- [Task requirements] Copy the data that follows exactly, and include none of its images.
_____
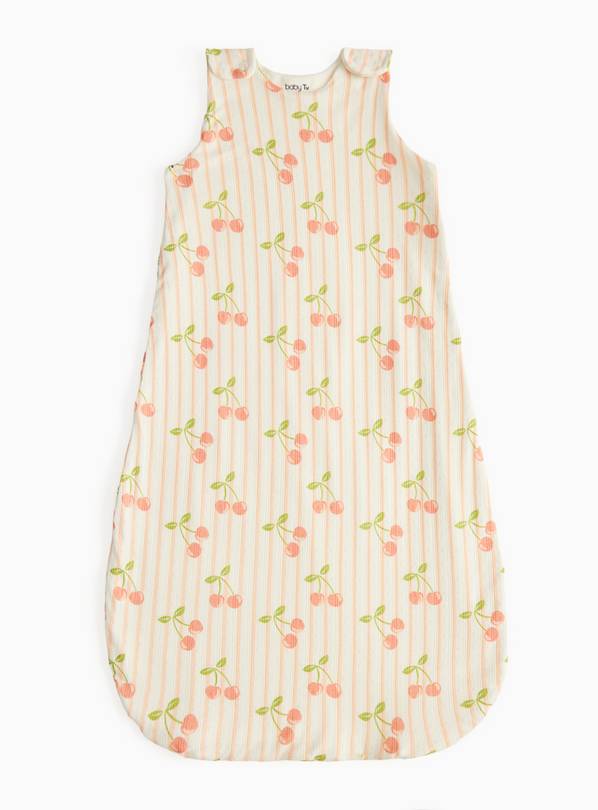 Stripe Cherry Print 1.0 Tog Sleeping Bag  0-6 Months
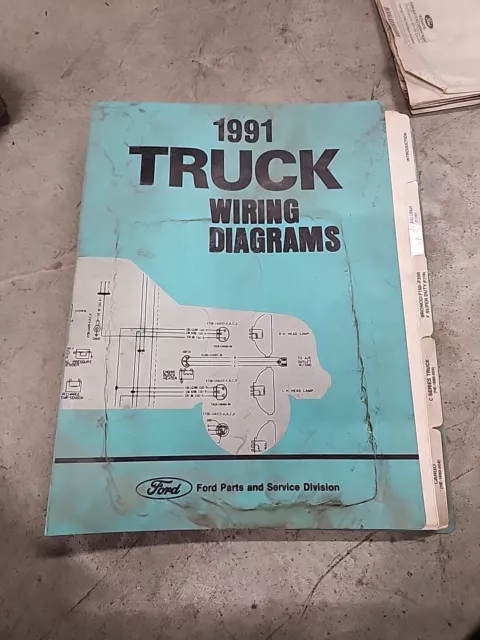 1991 FORD TRUCK WIRING DIAGRAMS MANUAL BINDER f series econoline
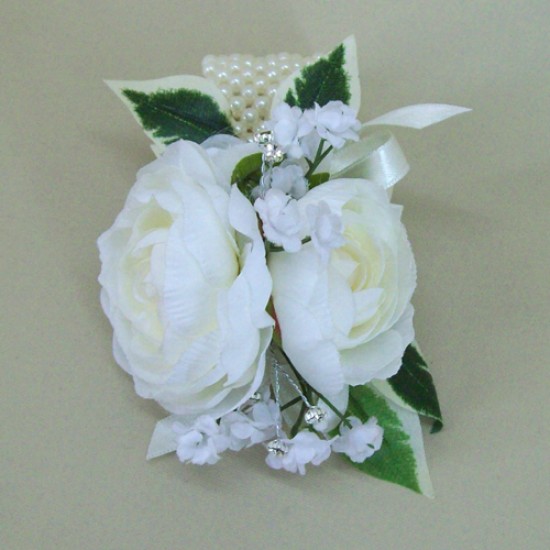 Wrist Corsage Ivory Camellia - WCOR020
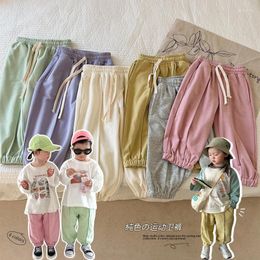 Trousers Spring Autumn Children's Pants Baby Boys Girls Sweatpants Casual Loose Sport Pant Cotton Kids Jogging Solid Color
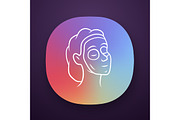 Cosmetic facial clay mask app icon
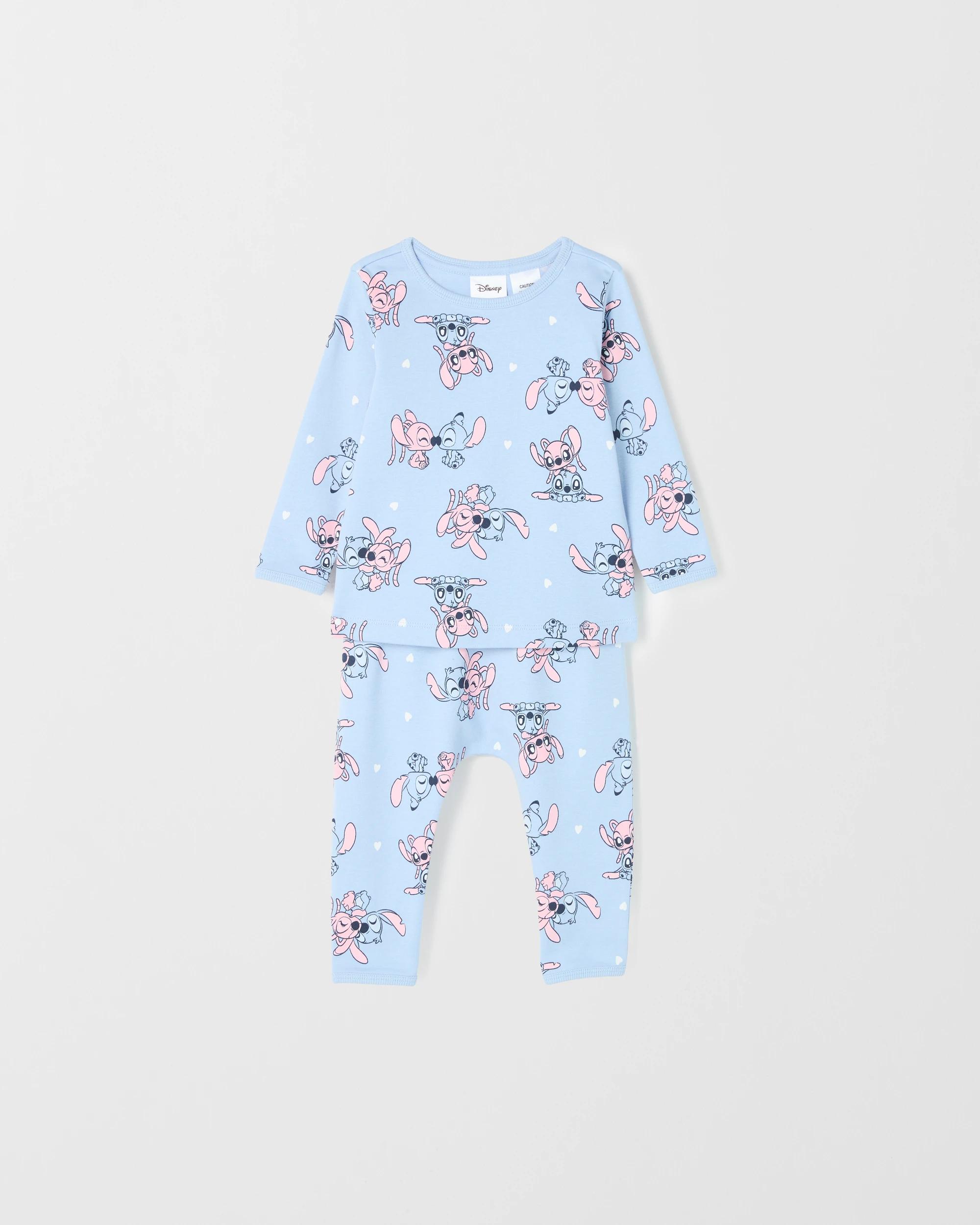 3 Disney Lilo & Stitch Organic Cotton 2 Pack Baby Pyjama Set LILO & STITCH, 3 of 4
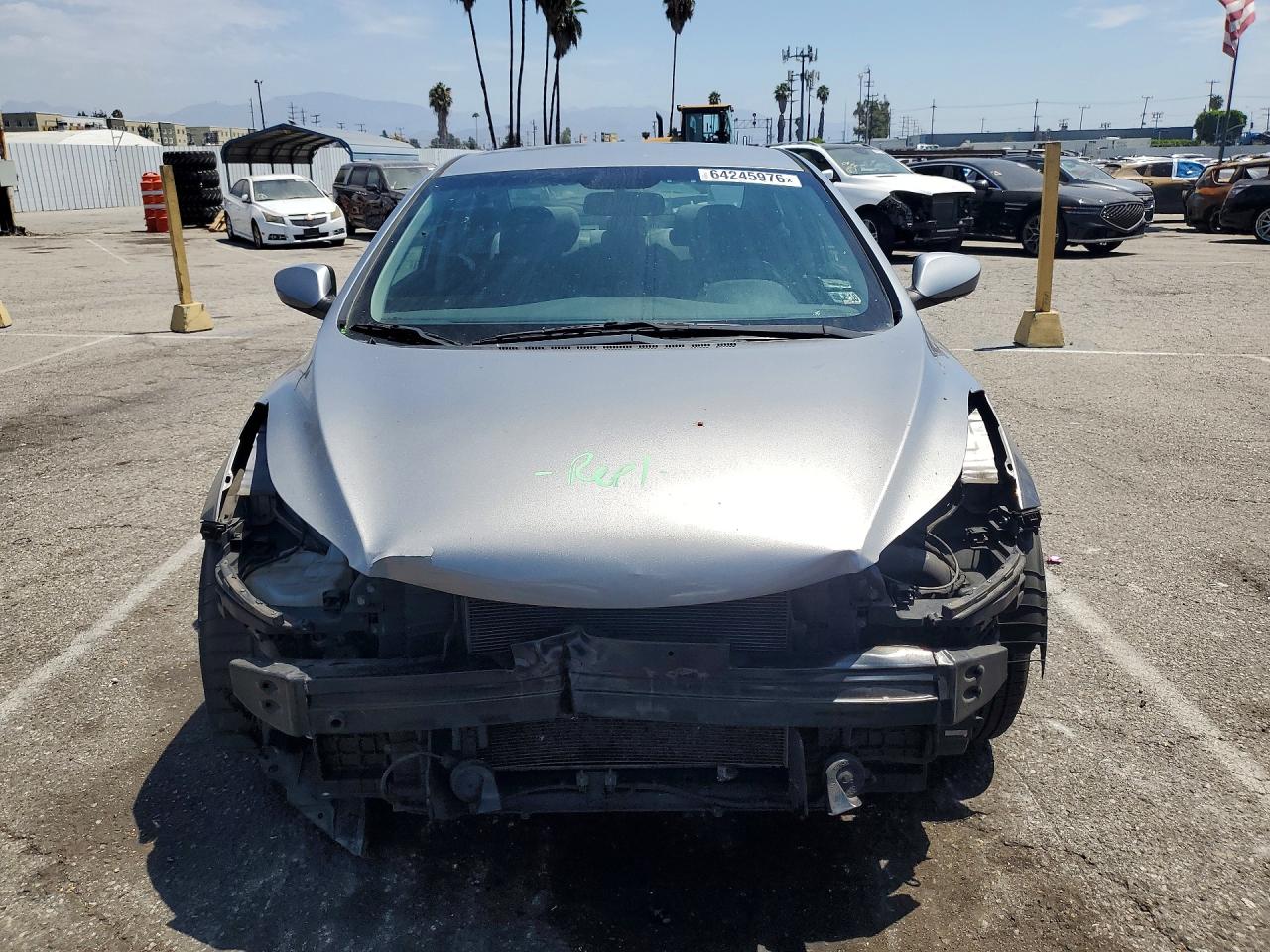 2015 Hyundai Elantra Se Gray vin: KMHDH4AE4FU353821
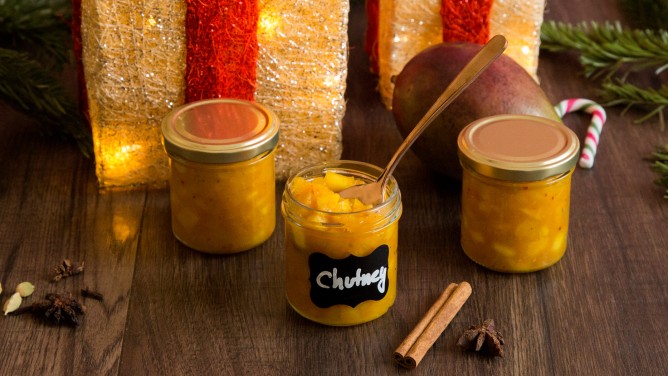 Mango-Chutney-Weihnachten-Geschenk Mango-Chutney-Weihnachten-Geschenk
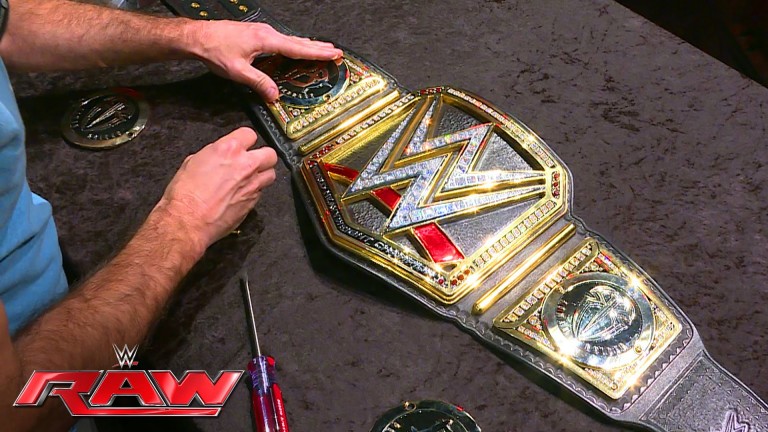 Dean Ambrose Gets New Custom Plates For The WWE Title, Kid Tries To Counter The RKO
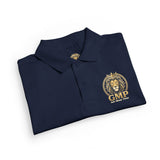 Youth Polo Shirt – Gold Lion Crest "GMP" School/Team Logo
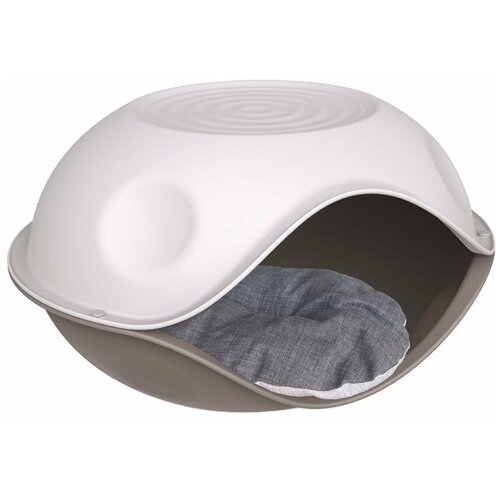 фото Домик lilli pet bed ufo для домашних животных с подушкой, 57x48x32см, мокко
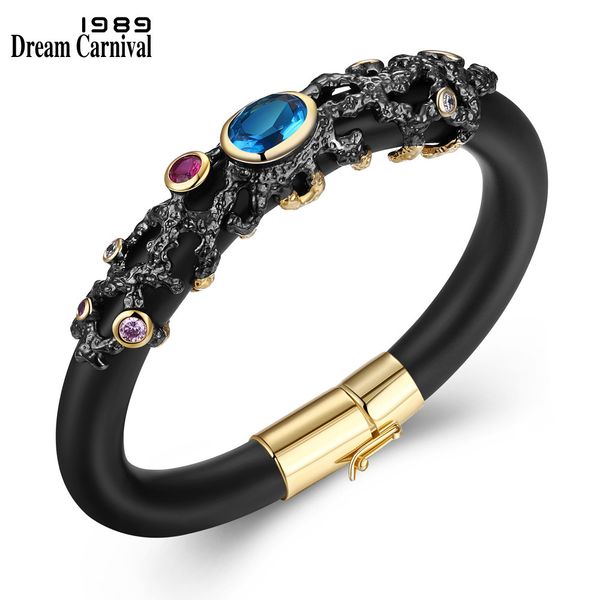 dreamcarnival 1989 neo gothic rubber black gold muti color zircon bangle for women wholesale pulseira feminina armbandjes b02 j190703
dreamcarnival 1989 neo gothic rubber black gold muti color zircon bangle for women wholesale pulseira feminina armbandjes b02 j190703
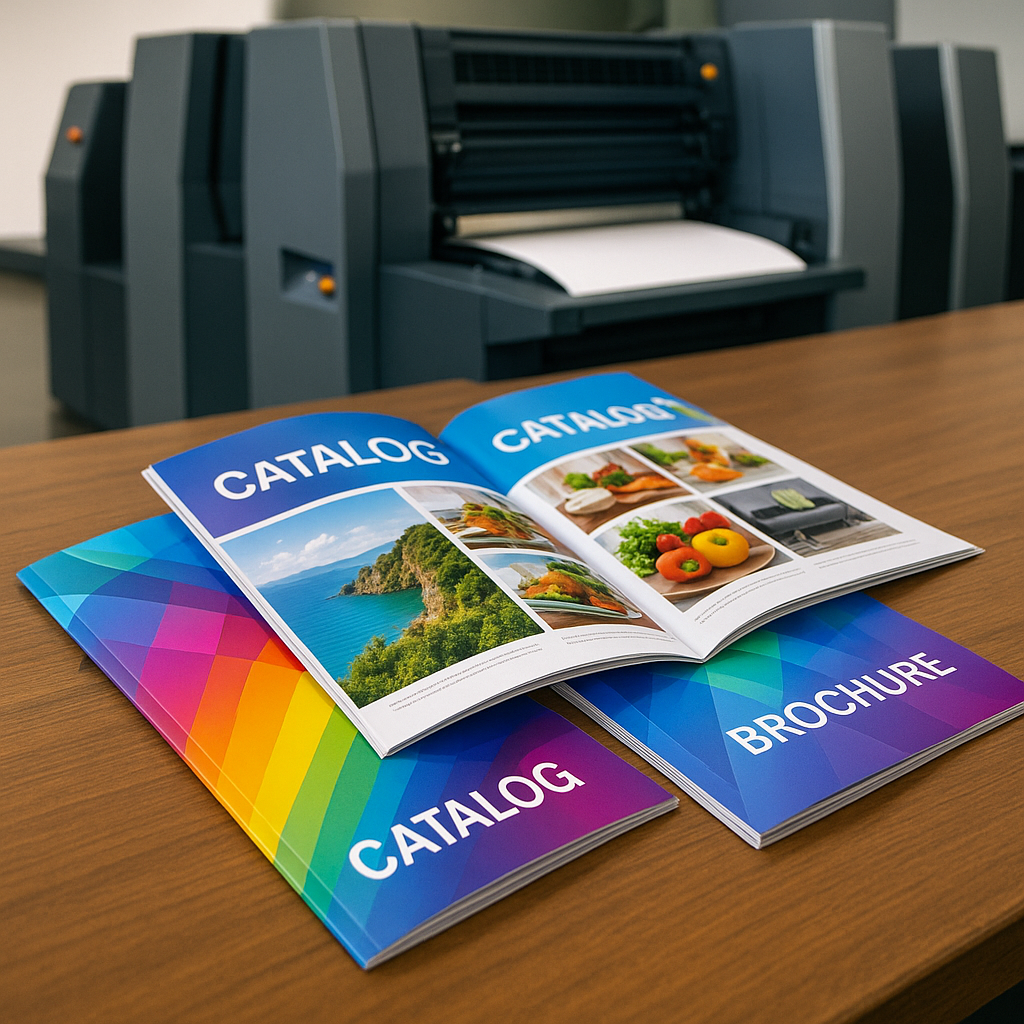 High-quality catalog printing services for businesses in Gilbert, AZ, showcasing products and services.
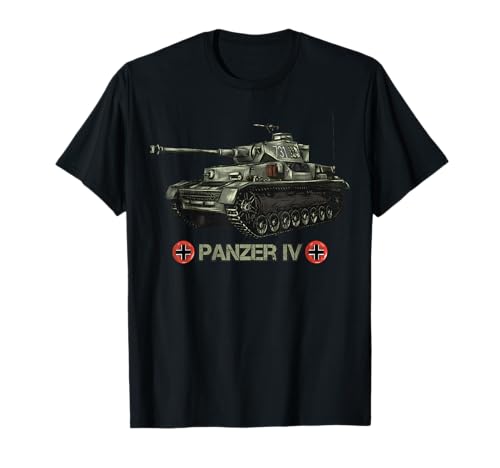 Image of Vintage World War 2 German Tank Panzer IV gift T-Shirt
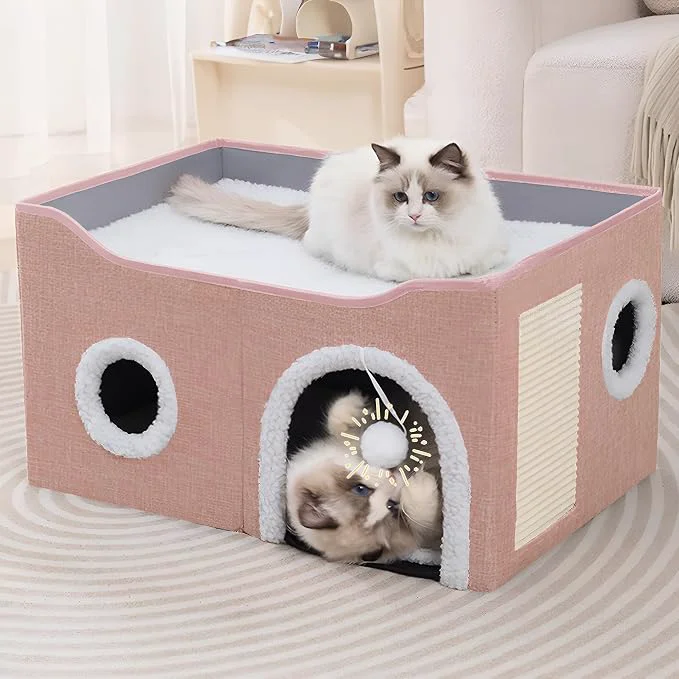 Expertly Made Cat Houses for Indoor Cats Solid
_____
- [Reply]
 Stripe Cherry Print 1.0 Tog Sleeping Bag  0-6 Months
 1991 FORD TRUCK WIRING DIAGRAMS MANUAL BINDER f series econoline
 Wrist Corsage Ivory Camellia - WCOR020
 Trousers Spring Autumn Children's Pants Baby Boys Girls Sweatpants Casual Loose Sport Pant Cotton Kids Jogging Solid Color
 Cosmetic facial clay mask app icon
 3 Disney Lilo & Stitch Organic Cotton 2 Pack Baby Pyjama Set LILO & STITCH, 3 of 4
 2015 Hyundai Elantra Se Gray vin: KMHDH4AE4FU353821
 Mango-Chutney-Weihnachten-Geschenk Mango-Chutney-Weihnachten-Geschenk
 Dean Ambrose Gets New Custom Plates For The WWE Title, Kid Tries To Counter The RKO
 Youth Polo Shirt – Gold Lion Crest "GMP" School/Team Logo
 фото Домик lilli pet bed ufo для домашних животных с подушкой, 57x48x32см, мокко
 dreamcarnival 1989 neo gothic rubber black gold muti color zircon bangle for women wholesale pulseira feminina armbandjes b02 j190703
dreamcarnival 1989 neo gothic rubber black gold muti color zircon bangle for women wholesale pulseira feminina armbandjes b02 j190703
 High-quality catalog printing services for businesses in Gilbert, AZ, showcasing products and services.
 Image of Vintage World War 2 German Tank Panzer IV gift T-Shirt
 Expertly Made Cat Houses for Indoor Cats Solid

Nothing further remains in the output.